Clothesline Laundromat in West St. Paul

Laundry Love: Community, Connection, & Clean Clothes

Thanks to Amore Coffee for their support. Amore hosts free homework help for all ages, led by retired professors, on Sundays from 4-6 p.m. 

A local church teamed up with a West St. Paul laundromat to offer free laundry once a month. It’s called Laundry Love, and more than clean clothes it’s about community and connection.

Why: “When I lived in apartments, that’s how I got to know my neighbors,” said Brit Hiedeman, one of the organizers and a member at First Presbyterian Church of South St. Paul, which secured the funding.

  • Where: Clothesline Laundromat at 1838 Oakdale in West St. Paul.
  • When: The second Thursday of each month from 5 to 7 p.m. The next one is October 9.
  • What: Free laundry—everyone gets two free wash/dry cycles. Just check in with a volunteer (they’re tracking numbers, not names). Plus, there are often snacks and a fun atmosphere.
  • How: First Presbyterian Church of South St. Paul is making it happen thanks to Presbytery of the Twin Cities Area grant that funds projects with community partners.

Building Community

Free laundry is certainly about helping people who can’t afford it: “Life is just so expensive for everybody—it’s very, very hard to get by,” said Hiedeman. “These are little ways you can make life less bad or just make things better for people in a nearby community.”
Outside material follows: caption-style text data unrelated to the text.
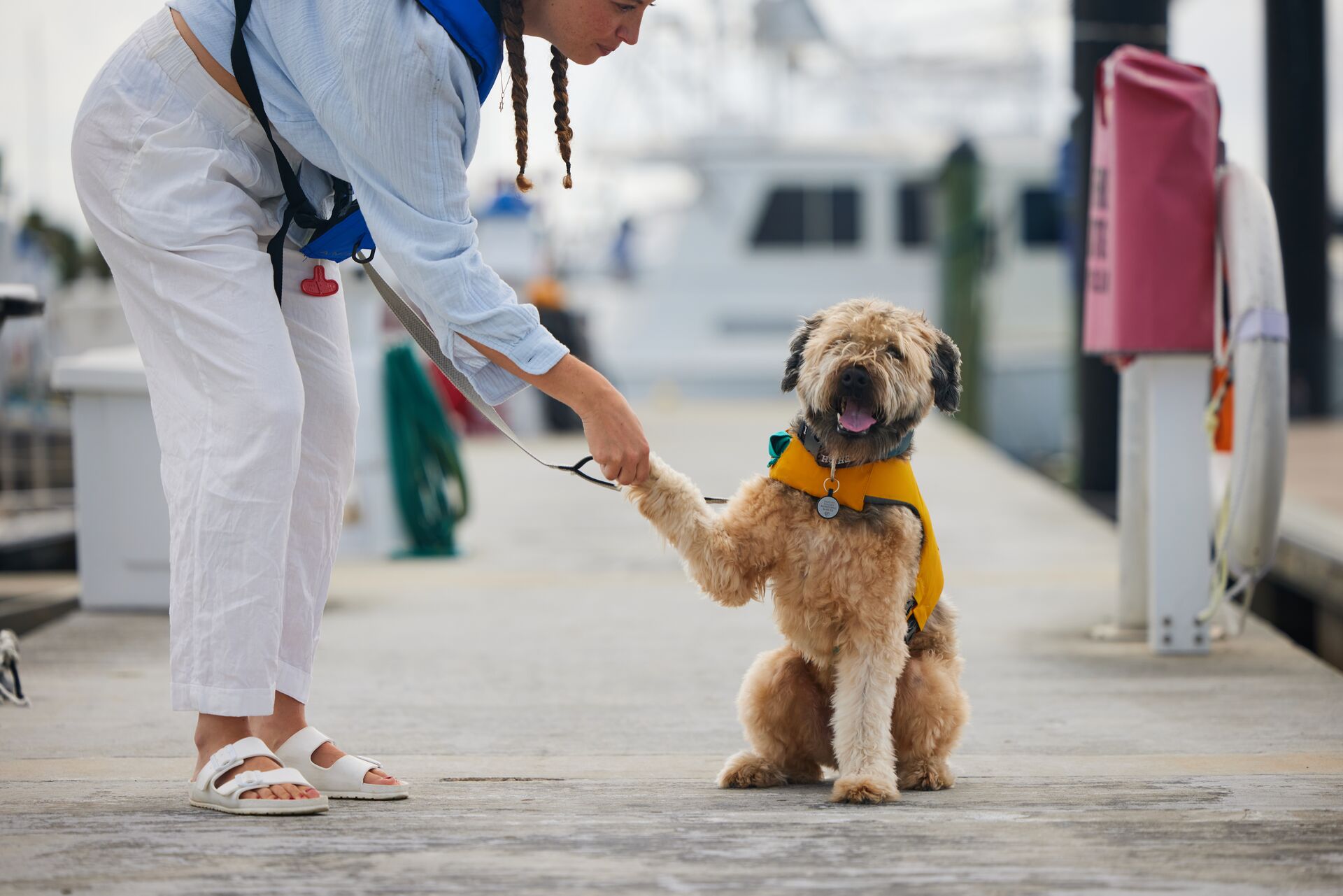 Dog on a dock wearing a life vest shaking a paw with a person.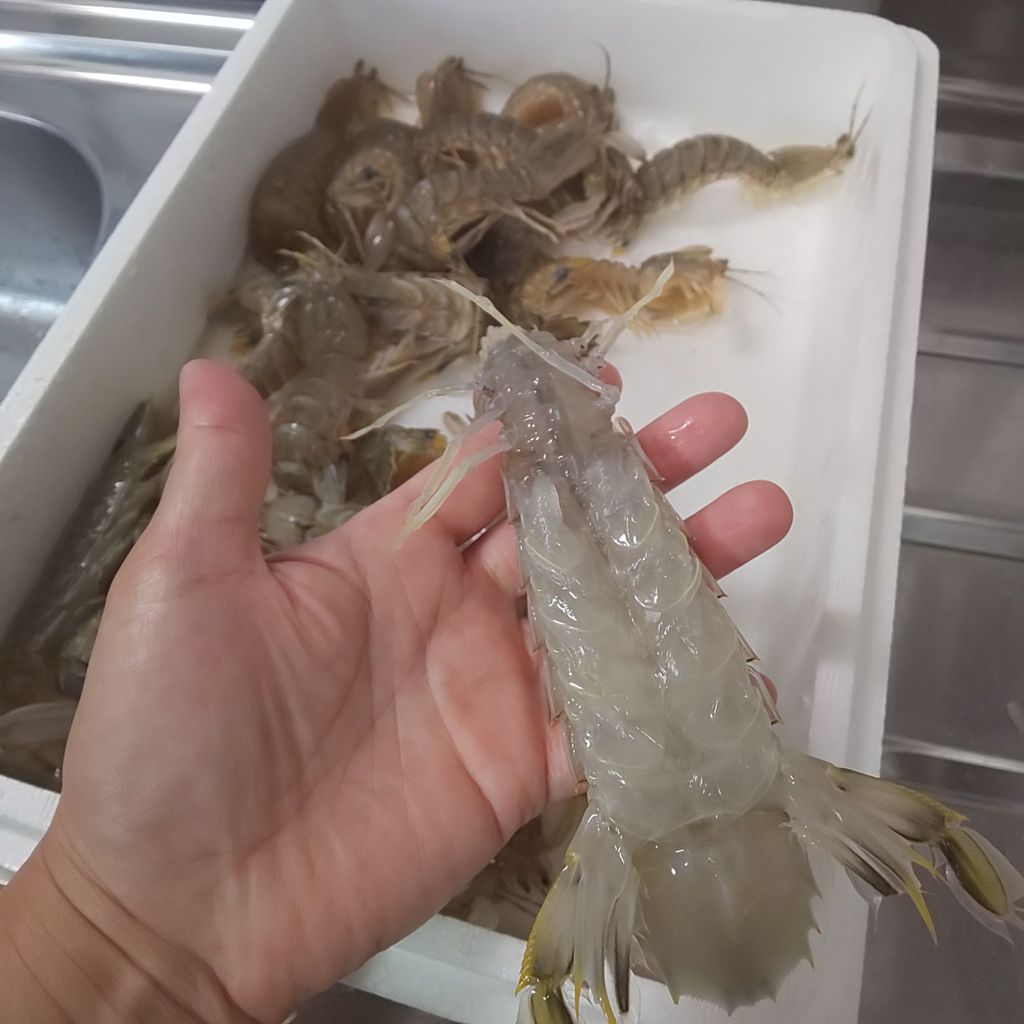 ゆこぶーの食いしん坊万歳 カンジャン ケッカジェ ゆこぶーの食いしん坊万歳 カンジャン ケッカジェ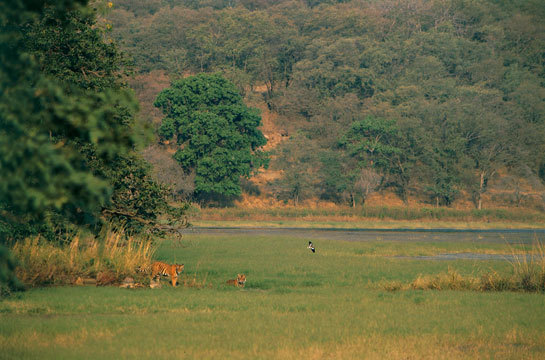 Tigers prowl along the Rajbagh lake in the Ranthambhore Tiger Reserve, a forest that showcased Project Tiger in the 1970s and &acirc;80s. 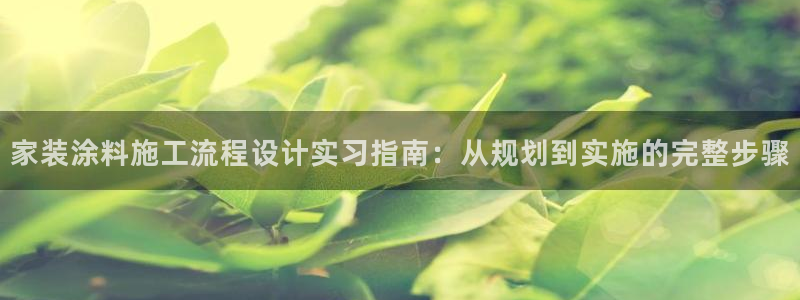 下载和记app：家装涂料施工流程设计实习指南：从规划到实施的完整步骤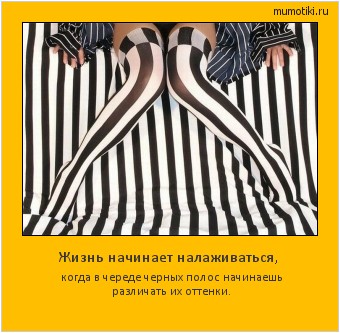 Жизнь начинает налаживаться, когда в череде черных полос начинаешь различать их оттенки. Cамые лучшие мотиваторы на mumotiki.ru Жизнь начинает налаживаться, когда в череде черных полос начинаешь различать их оттенки. #мотиватор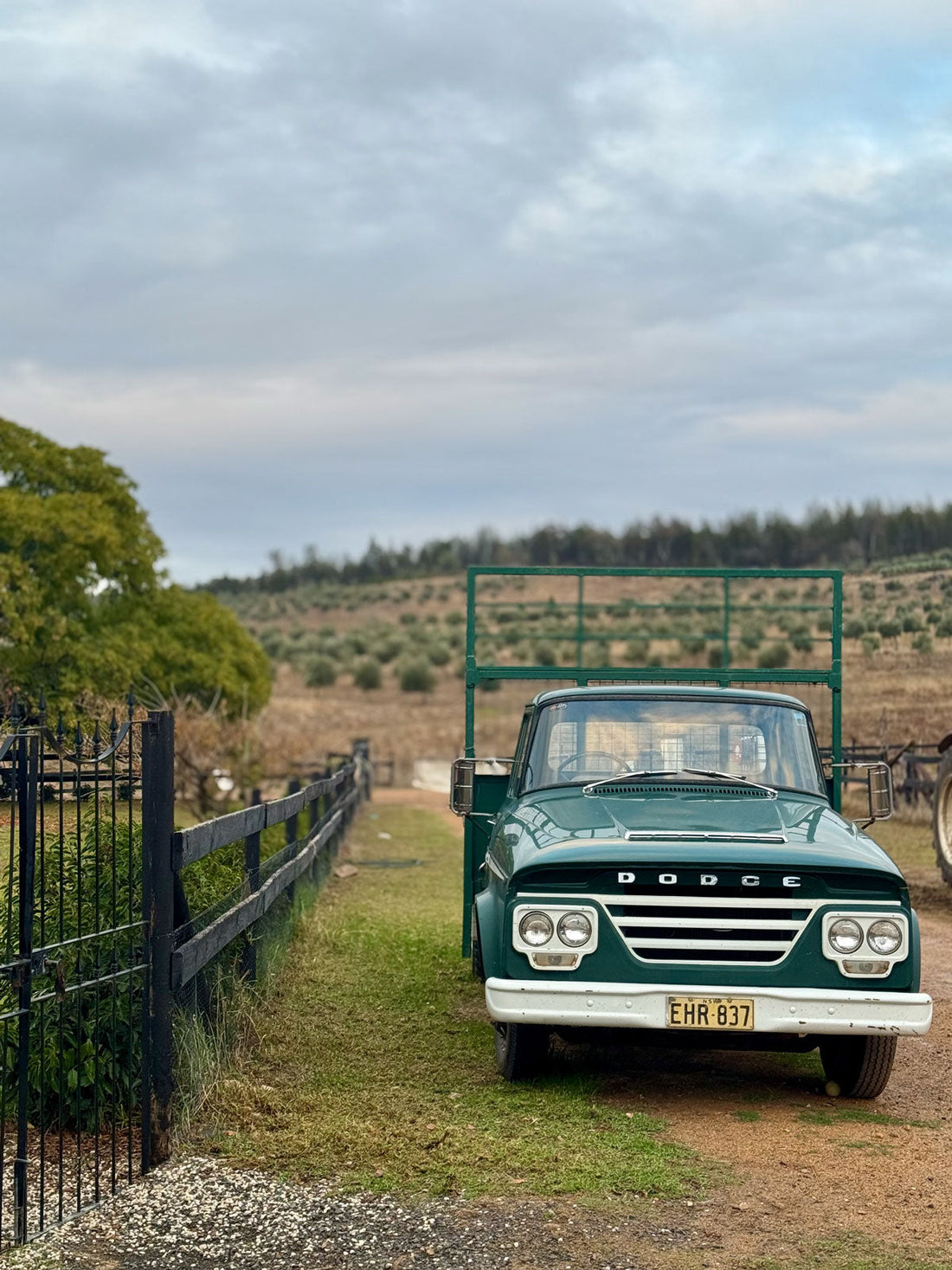 Things to do in the Cowra / Weddin Region of New South Wales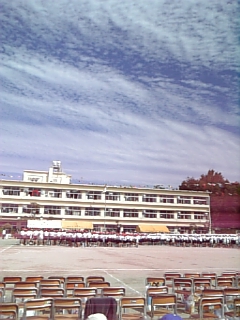 b0069471_1381081.jpg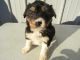 Australian Shepherd Puppies for sale in South Bend, IN, USA. price: $100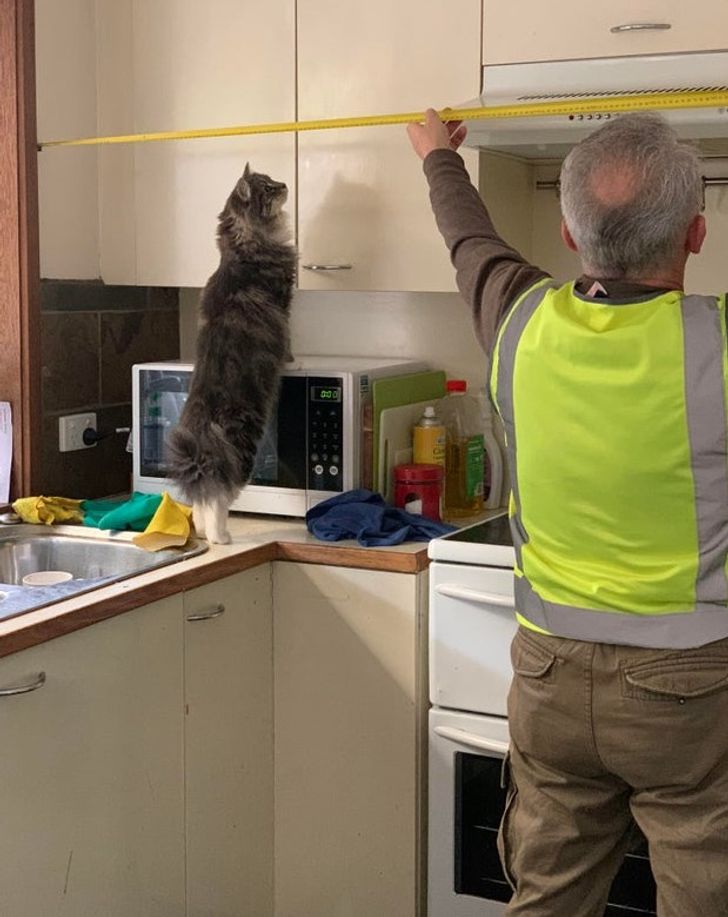 436ec25fd08633f9ef0450315f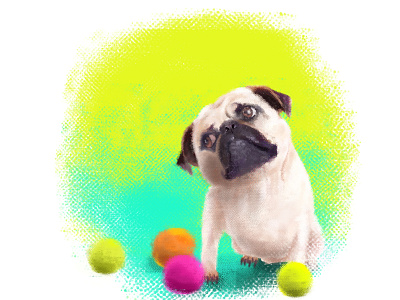 My little Cinnabon brush design illustration mexico pet pug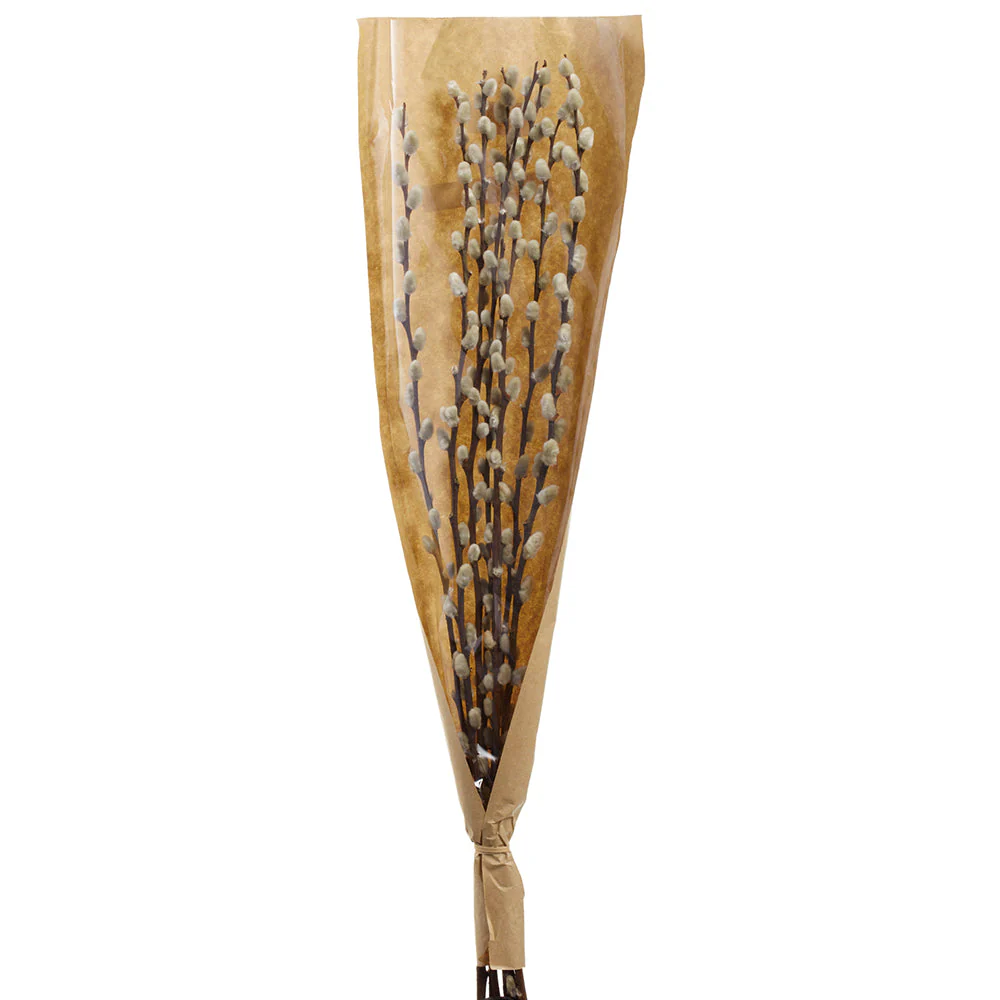 29.5" Preserved Pussy Willow Blossom Wrapped Stem Bundle -Natural (Pack of 24)
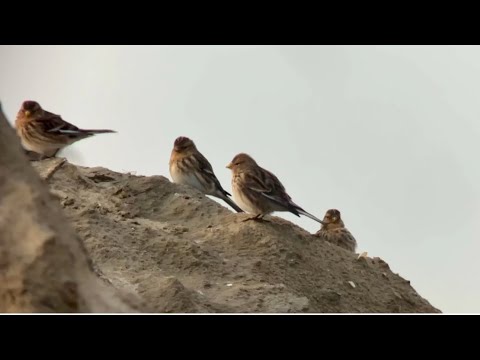 Linnet vs Twite — rozdiely v identifikácii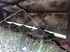 Lely SPLENDIMO 900 M Изображение 4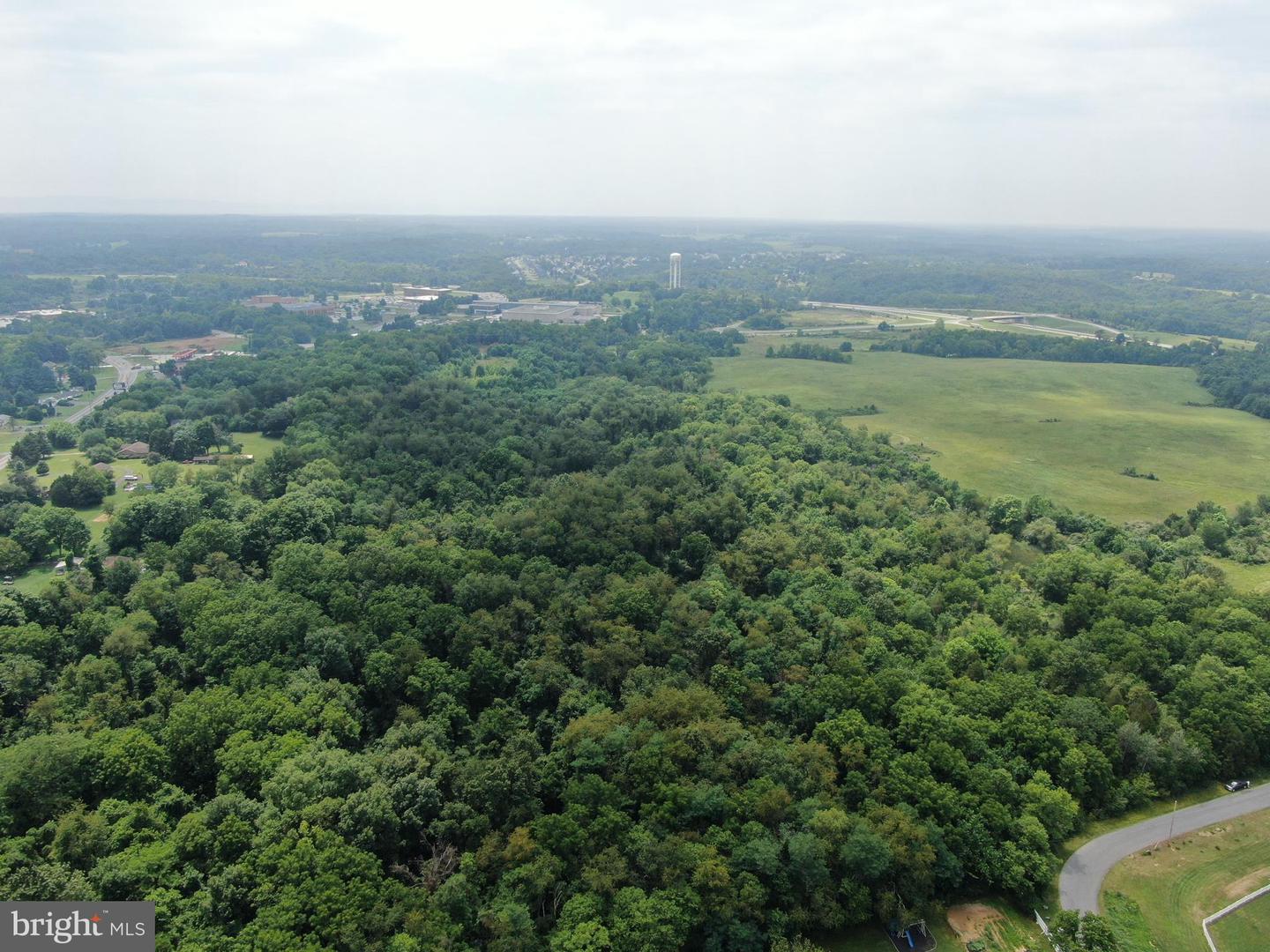 Tract 2: 5.85+/- Acres Charles Town Rd Property Photo 6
There’s also an element of helping with chores: “If there’s a little way we can make the unfun parts of life more fun, or at least not completely irritating, we would like to do that,” Hiedeman said.

But for Hiedeman, who used to live in West St. Paul and moved to South St. Paul in 2021, it’s about community:

  • More than laundry: “Third spaces, places that aren’t work or your home, are going by the wayside in modern society or they’re becoming cost prohibitive,” said Hiedeman. “We wanted this to function as kind of a third space where people actually aren’t just doing their laundry, they’re hanging out and getting to know each other.”
  • Support: “People just feel isolated” Hiedeman said. “As a young parent, you sometimes get the sense of ‘well, the village doesn’t exist anymore.’ And talking with this other woman was like, oh, we can be each other’s village for this two hour period of time.”

What’s Next

The program will continue on the second Thursday of each month through July of 2026.

“We’re the only one in the Twin cities,” Hiedeman said. “So it’d be great if more places started doing programs like this.”